**Instructions to follow**
Find the line containing "The Title Residencies" in the entries below. Restate it and each line after it, word for word, up to and including the line containing "Ремонт модуля управления".

**Records to use**
━━━━━━━━
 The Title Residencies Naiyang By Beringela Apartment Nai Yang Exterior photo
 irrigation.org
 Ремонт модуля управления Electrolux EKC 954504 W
━━━━━━━━
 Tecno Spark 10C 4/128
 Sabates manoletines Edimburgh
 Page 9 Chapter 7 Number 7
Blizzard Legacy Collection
━━━━━━━━
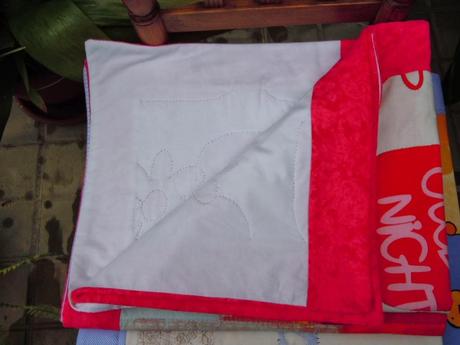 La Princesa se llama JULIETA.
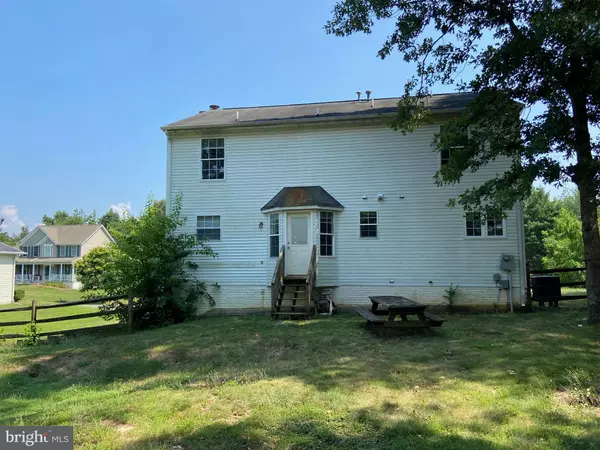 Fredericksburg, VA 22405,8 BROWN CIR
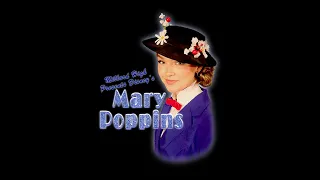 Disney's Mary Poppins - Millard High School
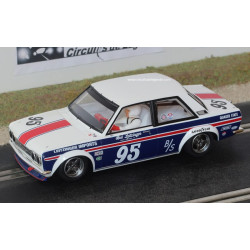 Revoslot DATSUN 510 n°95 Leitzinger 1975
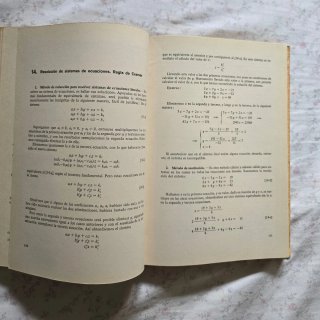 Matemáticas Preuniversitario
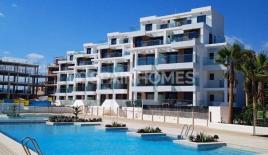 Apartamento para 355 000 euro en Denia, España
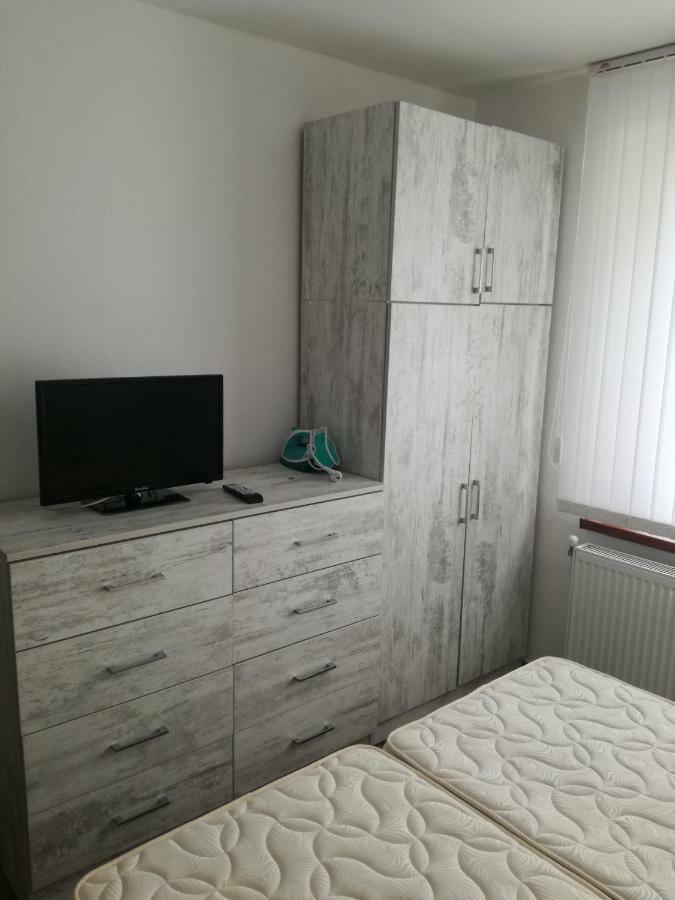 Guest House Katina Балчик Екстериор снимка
━━━━━━━━
**Exercise solution**
 The Title Residencies Naiyang By Beringela Apartment Nai Yang Exterior photo
 irrigation.org
 Ремонт модуля управления Electrolux EKC 954504 W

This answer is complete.